→ **EXERCISE AIM**:
Copy word for word, please, the lines of the entries below running from the one containing "Well, doctor, thank" to the one containing "Hybrid electric engines", both ends included.

→ **SUPPLIED RECORDS**:

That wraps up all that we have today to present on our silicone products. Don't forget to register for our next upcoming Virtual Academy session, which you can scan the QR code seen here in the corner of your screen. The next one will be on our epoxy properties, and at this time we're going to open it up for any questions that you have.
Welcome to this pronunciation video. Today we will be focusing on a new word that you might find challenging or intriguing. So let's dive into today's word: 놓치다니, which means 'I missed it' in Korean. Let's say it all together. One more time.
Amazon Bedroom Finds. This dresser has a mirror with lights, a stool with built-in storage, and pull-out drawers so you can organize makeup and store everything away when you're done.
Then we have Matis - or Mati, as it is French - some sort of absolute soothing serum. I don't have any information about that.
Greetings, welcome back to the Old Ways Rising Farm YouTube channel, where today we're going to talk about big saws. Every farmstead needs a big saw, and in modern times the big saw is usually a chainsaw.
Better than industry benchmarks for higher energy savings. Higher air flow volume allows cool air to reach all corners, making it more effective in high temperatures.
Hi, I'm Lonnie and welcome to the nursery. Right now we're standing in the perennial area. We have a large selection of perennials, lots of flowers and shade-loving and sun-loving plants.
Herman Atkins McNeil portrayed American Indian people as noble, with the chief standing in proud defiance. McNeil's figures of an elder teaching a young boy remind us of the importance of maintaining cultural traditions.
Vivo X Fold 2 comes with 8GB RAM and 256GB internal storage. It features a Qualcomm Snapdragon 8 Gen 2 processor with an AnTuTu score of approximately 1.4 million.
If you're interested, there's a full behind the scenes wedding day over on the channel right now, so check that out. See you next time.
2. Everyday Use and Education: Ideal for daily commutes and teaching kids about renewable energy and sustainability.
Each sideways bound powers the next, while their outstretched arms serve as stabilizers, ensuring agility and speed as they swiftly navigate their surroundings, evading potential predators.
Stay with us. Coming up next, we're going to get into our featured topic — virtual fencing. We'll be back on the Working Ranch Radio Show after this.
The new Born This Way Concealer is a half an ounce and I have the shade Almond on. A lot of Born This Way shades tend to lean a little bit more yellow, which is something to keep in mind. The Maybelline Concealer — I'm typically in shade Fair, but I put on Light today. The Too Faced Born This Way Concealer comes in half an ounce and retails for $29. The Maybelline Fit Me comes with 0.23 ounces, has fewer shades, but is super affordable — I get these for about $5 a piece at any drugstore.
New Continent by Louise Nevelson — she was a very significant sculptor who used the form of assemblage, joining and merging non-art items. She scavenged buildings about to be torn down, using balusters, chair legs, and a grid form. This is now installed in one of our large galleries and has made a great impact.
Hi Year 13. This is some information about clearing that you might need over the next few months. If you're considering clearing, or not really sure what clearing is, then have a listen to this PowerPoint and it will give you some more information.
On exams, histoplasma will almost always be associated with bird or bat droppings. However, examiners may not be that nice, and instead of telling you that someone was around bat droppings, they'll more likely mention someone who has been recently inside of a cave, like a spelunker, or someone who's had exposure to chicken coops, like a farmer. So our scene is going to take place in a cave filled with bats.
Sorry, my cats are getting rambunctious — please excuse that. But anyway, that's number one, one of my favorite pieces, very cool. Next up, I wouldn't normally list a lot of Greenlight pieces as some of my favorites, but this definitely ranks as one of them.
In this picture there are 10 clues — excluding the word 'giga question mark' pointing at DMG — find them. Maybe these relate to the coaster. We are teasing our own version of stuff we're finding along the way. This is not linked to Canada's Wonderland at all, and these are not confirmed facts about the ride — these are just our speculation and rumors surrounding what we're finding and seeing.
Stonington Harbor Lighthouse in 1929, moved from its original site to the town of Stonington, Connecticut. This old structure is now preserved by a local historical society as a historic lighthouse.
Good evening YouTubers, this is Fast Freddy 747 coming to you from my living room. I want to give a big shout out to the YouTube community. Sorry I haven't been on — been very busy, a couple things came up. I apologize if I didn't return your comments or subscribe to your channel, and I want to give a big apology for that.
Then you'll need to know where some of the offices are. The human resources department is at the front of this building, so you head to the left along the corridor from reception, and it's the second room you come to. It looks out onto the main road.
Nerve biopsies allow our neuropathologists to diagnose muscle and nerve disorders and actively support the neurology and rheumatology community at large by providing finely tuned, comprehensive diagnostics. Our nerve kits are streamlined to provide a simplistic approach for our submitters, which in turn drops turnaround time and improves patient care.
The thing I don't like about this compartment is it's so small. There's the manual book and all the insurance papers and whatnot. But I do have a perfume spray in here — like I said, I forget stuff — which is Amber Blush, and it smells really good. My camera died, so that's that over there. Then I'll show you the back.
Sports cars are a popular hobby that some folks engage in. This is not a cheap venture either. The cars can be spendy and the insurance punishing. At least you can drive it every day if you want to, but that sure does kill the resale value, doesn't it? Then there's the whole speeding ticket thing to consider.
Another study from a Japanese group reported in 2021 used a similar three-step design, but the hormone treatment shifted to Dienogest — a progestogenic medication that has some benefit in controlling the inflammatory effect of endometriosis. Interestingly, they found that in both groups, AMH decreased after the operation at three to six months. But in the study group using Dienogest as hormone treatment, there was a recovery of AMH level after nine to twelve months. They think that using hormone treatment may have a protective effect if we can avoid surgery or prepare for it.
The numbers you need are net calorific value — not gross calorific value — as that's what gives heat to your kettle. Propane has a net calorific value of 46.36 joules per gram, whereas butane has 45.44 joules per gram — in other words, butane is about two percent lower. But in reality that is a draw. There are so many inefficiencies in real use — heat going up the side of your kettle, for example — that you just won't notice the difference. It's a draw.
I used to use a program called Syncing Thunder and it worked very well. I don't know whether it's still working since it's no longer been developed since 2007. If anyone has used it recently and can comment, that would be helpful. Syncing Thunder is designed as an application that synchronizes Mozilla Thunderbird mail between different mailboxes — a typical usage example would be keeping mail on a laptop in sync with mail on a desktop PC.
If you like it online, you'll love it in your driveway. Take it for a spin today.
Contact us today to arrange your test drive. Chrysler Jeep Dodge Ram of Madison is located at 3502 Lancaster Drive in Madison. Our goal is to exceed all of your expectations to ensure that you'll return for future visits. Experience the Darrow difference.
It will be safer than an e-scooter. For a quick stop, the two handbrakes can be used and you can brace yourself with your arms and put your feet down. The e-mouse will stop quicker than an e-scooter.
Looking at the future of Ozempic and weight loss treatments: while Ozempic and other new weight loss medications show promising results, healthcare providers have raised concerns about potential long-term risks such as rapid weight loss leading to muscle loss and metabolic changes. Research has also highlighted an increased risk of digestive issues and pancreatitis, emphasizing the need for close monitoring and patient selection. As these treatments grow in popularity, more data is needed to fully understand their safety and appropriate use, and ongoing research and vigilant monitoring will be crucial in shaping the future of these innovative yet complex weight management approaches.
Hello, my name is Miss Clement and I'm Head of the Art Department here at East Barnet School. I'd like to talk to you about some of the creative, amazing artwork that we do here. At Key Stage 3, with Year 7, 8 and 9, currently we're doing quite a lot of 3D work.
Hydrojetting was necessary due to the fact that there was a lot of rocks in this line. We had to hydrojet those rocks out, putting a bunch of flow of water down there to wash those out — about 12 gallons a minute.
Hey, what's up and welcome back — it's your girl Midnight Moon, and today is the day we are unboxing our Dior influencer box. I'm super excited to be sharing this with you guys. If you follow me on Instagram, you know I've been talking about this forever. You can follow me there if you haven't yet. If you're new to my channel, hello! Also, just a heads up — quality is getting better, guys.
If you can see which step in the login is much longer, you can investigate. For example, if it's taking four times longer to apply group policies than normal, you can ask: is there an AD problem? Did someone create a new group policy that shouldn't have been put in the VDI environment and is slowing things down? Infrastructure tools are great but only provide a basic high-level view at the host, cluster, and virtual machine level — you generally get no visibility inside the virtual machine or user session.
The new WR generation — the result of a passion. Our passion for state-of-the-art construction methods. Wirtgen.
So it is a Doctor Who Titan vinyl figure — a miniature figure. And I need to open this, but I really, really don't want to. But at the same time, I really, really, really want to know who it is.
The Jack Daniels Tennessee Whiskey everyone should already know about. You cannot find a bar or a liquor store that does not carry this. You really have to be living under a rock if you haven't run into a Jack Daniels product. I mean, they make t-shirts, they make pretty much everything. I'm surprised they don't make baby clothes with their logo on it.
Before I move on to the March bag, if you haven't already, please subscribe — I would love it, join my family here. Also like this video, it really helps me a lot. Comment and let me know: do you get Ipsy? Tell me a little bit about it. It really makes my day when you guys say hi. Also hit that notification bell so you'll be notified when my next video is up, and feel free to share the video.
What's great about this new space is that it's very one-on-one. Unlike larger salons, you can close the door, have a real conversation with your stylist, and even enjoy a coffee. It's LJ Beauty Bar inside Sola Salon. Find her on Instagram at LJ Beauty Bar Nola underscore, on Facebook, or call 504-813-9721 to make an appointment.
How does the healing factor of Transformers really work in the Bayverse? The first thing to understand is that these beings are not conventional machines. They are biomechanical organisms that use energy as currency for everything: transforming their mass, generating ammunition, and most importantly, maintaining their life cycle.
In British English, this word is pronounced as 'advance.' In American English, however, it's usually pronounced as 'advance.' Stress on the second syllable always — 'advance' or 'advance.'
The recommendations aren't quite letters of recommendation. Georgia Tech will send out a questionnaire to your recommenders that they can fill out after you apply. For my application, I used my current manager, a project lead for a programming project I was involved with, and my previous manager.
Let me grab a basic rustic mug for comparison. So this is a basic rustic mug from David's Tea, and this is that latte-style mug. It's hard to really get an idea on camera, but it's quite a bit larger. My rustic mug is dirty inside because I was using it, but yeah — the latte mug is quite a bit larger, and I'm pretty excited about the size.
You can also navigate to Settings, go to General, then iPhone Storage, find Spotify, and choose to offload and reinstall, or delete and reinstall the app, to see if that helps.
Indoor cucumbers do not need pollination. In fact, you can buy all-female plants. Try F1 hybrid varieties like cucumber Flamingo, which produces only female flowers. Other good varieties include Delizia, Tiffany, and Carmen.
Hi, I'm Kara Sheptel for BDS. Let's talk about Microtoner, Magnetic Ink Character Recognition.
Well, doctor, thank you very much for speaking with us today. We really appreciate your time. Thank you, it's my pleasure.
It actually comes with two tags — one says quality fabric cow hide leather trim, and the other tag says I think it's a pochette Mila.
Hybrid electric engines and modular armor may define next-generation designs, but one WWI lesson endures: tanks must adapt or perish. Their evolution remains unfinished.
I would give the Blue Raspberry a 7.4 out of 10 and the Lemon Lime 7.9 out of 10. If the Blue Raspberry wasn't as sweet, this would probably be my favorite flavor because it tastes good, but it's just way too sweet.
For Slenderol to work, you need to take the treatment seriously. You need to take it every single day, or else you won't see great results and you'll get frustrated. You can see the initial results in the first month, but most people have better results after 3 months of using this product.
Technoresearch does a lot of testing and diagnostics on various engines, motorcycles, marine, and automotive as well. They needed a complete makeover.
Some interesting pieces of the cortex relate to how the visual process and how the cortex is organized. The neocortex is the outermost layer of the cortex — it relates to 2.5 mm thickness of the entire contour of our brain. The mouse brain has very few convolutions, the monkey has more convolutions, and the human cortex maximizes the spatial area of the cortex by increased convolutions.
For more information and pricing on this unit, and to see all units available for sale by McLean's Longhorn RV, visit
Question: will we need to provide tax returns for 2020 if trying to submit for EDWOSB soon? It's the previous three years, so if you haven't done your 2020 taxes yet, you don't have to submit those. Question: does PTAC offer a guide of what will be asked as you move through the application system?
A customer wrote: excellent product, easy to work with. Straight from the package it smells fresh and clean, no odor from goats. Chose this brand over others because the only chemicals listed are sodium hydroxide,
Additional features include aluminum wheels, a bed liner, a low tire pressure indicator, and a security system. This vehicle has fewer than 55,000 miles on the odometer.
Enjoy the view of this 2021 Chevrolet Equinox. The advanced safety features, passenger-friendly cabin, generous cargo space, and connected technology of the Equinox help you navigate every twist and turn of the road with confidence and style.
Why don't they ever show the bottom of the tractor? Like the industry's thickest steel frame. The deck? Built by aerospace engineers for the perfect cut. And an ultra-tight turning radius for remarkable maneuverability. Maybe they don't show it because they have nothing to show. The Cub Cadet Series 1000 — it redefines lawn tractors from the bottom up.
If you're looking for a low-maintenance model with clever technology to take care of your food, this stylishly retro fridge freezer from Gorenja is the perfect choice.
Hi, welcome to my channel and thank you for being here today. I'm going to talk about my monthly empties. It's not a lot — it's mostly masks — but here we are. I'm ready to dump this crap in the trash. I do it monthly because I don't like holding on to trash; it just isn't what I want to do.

→ **SOLUTION**:
Well, doctor, thank you very much for speaking with us today. We really appreciate your time. Thank you, it's my pleasure.
It actually comes with two tags — one says quality fabric cow hide leather trim, and the other tag says I think it's a pochette Mila.
Hybrid electric engines and modular armor may define next-generation designs, but one WWI lesson endures: tanks must adapt or perish. Their evolution remains unfinished.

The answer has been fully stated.